Why do you think there are different ones? Are all right or is only one right but the rest wrong? But why does God protect one but not the other?
And which Biblical Canon do you use?
otcanon.jpg
 

Good-Ole-Rebel

Well-Known Member
I hold to the Protestant Canon. I reject the Apocryphal books as inspired by God. This is because they were rejected by the Palestinian Jews. The Old Testament of the Protestant is the same as the Jews have in the Tanakh.

Good-Ole-Rebel
 

Real-Subjectivity

New Member
I reject the Apocryphal books as inspired by God. This is because they were rejected by the Palestinian Jews.
Jews did not reject what is known as the apocrypha until well after the emergence of Christianity, when both Christians and Jews had already been reading from and citing these books as authorities for a long time. We have citations, for example, of the Book of Sirach in the Talmud (Sanhedrin 100b; Hagigah 13a, Baba Bathra 98b, etc.).
 

metis

aged ecumenical anthropologist
Like with so many things, different people and different groups have different opinions.

The process of selecting the canon used by most Christians in the west was quite a difficult and contentious process.
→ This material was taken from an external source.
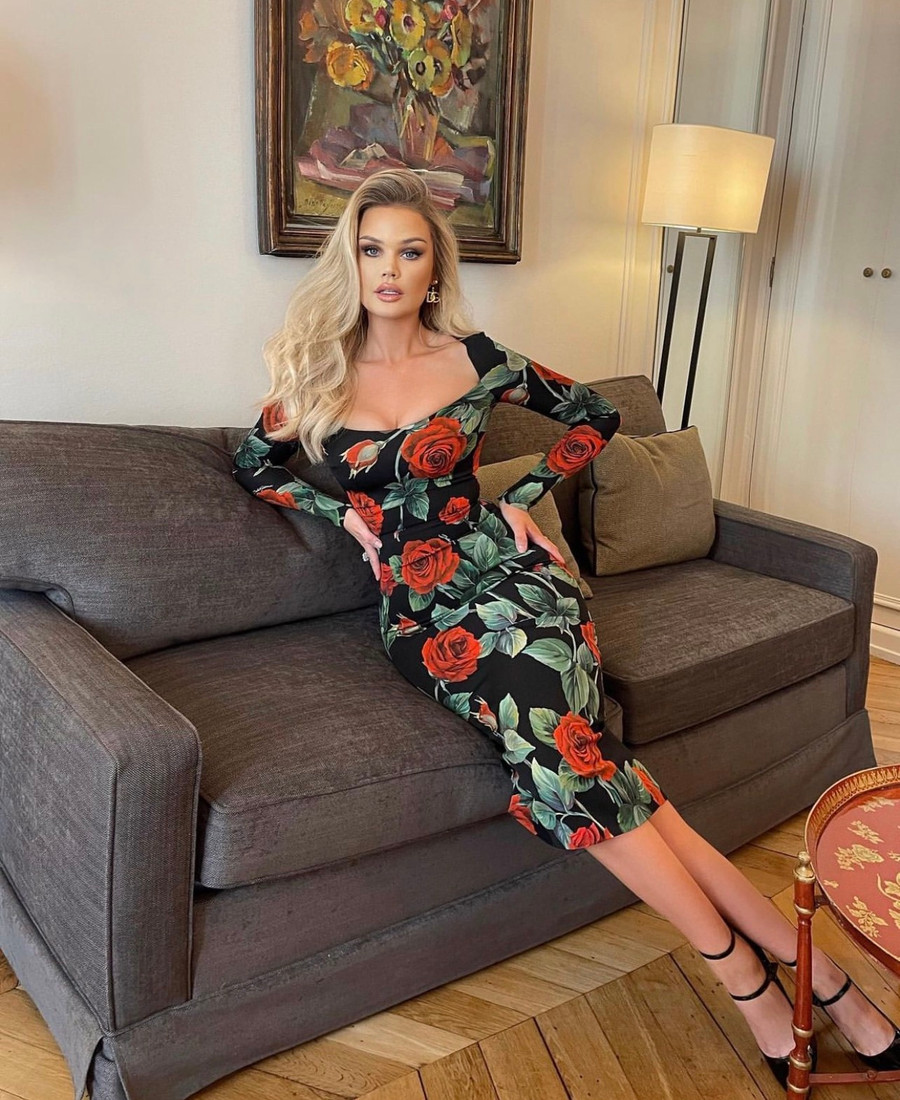 Những quý cô quyến rũ, thành đạt trên 30 tuổi lại ưa chuộng những mẫu váy bodycon ôm sát in hoa hồng nổi bật trên nền lớp vải màu đen huyền bí.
Some books were pretty much slam-dunks, but some others were not.

What made it more difficult is that when this canon was pretty much decided upon (the books we call the "Apocrypha" were not decided upon at that time, so the decision on them was put off until much later), different local churches were using different books. Theologian William Barclay (Anglican) felt that only maybe a few as 1/3 of them actually were using the Book of Revelation, plus many churches weren't using the Book of Hebrews. OTOH, some churches were using the Books of Clement, which ended up not getting canonized.

The process of canonization took over 1/2 a century during the 4th century with still some reservations as to whether all the books selected were the best ones.
 

Jayhawker Soule

-- untitled --
Premium Member
... We have citations, for example, of the Book of Sirach in the Talmud (Sanhedrin 100b; Hagigah 13a, Baba Bathra 98b, etc.). [emphasis added - JS]

From Wikipedia: Sirach ...

The Babylonian Talmud occasionally cites Ben-Sira (Sanhedrin 100b; Hagigah 13a, Baba Bathra 98b, etc.), but even so, it only paraphrases his citations, without quoting from him verbatim. [emphasis added - JS]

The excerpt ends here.